By Lazarus Amukeshe
THE Namibian Competition Commission (NaCC) is demanding an explanation from commercial banks on why they are charging customers who don’t normally bank with them higher interest on home loans.
Also in question is why the banks, through the Payments Association of Namibia (PAN), are fixing fees charged between banks on the usage of credit and debit cards by their customers.
These questions form part of a twofold investigation launched on Namibia’s most powerful entities, which have a combined asset value of N$144 billion.

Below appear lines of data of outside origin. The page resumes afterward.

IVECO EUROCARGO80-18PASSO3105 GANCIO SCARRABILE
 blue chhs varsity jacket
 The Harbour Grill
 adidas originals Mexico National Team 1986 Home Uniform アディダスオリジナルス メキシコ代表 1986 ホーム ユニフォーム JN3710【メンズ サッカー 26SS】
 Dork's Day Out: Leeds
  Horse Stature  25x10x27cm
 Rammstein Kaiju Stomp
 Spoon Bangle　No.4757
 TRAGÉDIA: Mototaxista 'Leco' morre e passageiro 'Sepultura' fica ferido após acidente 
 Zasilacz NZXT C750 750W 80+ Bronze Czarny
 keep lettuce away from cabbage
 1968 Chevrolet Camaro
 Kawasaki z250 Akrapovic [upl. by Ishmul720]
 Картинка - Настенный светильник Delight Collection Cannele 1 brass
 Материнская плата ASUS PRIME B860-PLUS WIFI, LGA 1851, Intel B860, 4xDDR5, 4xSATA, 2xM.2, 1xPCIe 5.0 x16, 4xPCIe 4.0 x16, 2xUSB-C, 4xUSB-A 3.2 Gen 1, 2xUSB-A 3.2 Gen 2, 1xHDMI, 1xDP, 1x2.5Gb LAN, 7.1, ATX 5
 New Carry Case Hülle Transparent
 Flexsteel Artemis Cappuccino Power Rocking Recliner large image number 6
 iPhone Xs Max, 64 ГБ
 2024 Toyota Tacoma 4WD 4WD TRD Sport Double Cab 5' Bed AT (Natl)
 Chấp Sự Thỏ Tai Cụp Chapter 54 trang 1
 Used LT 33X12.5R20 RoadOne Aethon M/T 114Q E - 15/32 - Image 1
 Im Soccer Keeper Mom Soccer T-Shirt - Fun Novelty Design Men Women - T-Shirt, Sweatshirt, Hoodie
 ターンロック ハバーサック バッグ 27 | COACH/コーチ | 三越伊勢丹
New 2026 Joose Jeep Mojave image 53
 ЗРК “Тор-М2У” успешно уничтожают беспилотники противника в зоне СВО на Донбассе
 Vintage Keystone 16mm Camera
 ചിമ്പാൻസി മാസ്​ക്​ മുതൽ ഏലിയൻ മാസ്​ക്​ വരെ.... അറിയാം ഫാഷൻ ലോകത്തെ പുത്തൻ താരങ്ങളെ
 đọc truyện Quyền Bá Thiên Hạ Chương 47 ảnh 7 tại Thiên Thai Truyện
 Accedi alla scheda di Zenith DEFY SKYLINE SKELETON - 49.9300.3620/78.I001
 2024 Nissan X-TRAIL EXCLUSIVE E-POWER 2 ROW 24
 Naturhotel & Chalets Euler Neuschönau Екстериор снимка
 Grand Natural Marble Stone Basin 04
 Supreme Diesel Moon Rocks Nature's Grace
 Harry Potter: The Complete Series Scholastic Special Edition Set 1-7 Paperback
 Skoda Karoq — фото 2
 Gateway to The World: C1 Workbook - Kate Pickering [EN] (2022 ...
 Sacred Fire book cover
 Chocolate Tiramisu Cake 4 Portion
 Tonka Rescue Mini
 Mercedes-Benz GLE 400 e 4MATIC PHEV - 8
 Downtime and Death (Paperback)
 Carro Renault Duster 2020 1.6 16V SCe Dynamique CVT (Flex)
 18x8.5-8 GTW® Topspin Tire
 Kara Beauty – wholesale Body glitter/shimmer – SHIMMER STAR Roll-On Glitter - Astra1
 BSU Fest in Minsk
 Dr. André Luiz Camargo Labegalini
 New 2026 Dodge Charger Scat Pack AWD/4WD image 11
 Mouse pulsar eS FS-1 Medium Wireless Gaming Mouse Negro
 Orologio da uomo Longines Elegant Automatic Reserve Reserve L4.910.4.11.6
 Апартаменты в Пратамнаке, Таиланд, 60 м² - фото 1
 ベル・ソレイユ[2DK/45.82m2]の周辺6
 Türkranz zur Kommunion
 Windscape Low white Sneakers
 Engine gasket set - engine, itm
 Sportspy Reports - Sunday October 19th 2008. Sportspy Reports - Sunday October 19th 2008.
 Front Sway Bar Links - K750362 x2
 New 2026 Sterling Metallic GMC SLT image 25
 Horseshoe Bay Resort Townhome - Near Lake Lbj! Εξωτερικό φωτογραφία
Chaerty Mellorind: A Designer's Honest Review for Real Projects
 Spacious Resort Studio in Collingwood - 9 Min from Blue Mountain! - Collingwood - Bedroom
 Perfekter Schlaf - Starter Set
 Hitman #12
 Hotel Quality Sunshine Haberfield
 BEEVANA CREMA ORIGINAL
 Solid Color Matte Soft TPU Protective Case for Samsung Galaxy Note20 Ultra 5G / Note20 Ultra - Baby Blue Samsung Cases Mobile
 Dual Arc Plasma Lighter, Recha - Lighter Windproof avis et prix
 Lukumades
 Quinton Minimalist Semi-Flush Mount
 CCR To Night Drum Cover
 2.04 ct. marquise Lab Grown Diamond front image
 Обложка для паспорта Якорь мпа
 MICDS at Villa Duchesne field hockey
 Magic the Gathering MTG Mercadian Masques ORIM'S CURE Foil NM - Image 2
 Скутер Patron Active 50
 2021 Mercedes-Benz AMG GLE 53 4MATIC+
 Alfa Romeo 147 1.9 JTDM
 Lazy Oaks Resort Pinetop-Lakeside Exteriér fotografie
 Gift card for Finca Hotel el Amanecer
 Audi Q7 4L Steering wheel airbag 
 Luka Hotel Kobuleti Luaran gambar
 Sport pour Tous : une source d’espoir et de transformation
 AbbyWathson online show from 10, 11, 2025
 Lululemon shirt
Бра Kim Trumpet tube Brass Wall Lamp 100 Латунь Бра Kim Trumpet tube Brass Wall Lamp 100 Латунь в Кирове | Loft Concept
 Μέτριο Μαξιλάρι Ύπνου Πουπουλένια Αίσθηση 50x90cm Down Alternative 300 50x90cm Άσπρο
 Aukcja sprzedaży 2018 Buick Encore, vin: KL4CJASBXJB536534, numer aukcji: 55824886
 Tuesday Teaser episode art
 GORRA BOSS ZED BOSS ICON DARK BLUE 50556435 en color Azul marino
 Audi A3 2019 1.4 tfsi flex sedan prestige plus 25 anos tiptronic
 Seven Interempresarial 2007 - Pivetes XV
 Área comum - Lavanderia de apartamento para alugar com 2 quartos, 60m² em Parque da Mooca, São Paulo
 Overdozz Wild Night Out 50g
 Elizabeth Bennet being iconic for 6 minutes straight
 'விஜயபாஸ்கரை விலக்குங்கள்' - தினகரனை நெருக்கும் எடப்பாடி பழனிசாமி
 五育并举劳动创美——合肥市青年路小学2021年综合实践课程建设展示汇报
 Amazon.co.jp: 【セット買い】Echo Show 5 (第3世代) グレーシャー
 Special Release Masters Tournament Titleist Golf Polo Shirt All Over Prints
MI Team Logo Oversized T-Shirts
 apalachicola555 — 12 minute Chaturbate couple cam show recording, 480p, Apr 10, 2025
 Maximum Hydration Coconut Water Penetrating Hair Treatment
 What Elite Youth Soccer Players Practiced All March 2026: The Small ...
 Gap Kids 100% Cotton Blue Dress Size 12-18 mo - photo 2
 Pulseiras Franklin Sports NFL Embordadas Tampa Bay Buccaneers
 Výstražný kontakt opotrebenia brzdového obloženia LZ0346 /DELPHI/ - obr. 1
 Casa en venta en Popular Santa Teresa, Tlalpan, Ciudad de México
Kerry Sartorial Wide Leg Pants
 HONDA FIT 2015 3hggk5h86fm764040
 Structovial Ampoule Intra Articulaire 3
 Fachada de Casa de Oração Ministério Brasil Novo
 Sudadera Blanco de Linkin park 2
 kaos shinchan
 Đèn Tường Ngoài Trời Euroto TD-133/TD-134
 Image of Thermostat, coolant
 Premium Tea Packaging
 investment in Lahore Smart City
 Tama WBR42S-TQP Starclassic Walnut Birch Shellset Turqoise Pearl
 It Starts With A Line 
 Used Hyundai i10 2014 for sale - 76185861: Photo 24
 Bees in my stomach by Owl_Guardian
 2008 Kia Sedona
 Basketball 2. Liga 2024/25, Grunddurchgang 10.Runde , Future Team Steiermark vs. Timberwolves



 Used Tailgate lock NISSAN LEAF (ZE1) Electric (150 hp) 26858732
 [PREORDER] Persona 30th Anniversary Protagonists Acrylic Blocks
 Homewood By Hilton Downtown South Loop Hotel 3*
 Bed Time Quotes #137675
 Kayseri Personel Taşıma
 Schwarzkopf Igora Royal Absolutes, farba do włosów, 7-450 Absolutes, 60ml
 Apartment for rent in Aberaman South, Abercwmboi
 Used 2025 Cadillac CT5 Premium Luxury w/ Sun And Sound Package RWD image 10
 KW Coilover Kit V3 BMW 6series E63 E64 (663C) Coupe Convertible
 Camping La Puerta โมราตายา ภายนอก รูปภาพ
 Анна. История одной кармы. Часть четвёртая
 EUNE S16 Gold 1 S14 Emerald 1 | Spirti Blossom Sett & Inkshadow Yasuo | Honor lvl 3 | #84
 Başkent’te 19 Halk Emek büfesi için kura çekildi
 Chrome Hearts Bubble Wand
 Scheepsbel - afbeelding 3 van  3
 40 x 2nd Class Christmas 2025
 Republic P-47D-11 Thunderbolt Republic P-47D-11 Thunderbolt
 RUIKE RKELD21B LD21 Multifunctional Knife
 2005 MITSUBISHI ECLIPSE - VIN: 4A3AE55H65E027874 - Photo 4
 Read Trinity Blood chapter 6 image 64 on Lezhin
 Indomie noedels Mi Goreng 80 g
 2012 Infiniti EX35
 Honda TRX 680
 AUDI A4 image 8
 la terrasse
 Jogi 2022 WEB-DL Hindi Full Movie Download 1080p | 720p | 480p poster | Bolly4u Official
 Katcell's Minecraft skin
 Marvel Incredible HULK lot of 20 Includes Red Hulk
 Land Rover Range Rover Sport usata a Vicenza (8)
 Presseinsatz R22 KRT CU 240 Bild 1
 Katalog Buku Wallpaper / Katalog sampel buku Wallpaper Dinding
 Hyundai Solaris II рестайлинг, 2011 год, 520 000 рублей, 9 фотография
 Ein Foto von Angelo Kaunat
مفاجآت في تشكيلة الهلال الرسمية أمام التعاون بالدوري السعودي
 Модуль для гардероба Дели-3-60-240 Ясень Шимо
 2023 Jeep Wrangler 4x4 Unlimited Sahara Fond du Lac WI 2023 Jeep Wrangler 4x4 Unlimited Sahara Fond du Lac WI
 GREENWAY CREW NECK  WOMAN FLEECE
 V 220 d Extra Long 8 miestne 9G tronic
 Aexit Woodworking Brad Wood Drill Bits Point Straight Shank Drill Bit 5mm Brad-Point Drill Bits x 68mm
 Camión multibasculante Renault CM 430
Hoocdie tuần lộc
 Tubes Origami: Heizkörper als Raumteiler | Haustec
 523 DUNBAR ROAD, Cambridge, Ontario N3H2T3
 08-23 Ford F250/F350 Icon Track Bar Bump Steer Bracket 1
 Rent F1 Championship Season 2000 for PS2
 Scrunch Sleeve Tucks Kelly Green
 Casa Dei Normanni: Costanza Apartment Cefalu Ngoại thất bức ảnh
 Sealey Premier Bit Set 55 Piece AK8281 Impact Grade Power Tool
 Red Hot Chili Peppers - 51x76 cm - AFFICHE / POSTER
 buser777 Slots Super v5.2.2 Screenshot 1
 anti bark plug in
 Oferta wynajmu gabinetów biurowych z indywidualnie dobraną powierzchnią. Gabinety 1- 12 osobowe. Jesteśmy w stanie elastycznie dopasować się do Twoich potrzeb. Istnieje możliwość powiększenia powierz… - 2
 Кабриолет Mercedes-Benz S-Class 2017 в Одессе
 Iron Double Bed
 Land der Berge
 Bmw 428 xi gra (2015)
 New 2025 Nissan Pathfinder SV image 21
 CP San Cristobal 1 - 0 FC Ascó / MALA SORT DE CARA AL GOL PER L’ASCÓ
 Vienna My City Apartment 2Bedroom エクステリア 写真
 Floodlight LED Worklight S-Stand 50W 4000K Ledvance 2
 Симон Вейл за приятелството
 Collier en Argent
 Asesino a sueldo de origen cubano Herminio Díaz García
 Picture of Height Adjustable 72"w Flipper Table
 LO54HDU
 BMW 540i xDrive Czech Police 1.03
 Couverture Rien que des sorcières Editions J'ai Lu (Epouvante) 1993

The investigation covers what the NaCC calls discriminatory practices, and possible price fixing and collusion between the country’s commercial banks.
Nine commercial banks are registered in Namibia and regulated by the Bank of Namibia (BoN): FNB Namibia, Banco Atlantico Europa, Namibian branch, Bank BIC Namibia, Bank Windhoek, Letshego Bank Namibia, NamPost Savings Bank, Nedbank Namibia, Standard Bank Namibia, and Trustco Bank Namibia.
The four biggest banks are Bank Windhoek, FNB Namibia, Standard Bank Namibia and Nedbank Namibia, covering over 90% of the market.
The NaCC earlier this month asked that the banks explain their practices in terms of Section 33 of the Competition Act.
Section 33 gives the commission the authority to interrogate anti-competitive behaviour within an industry or by a company.
It also makes reference to companies considered to be dominant in a certain sector and aims to ensure that such companies do not overextend their power and push for anti-competitive behaviour.
According to the NaCC, the intent to investigate originated in 2018 when it was approached by the PAN to issue an opinion on a possible collaboration by commercial banks on interchange fees.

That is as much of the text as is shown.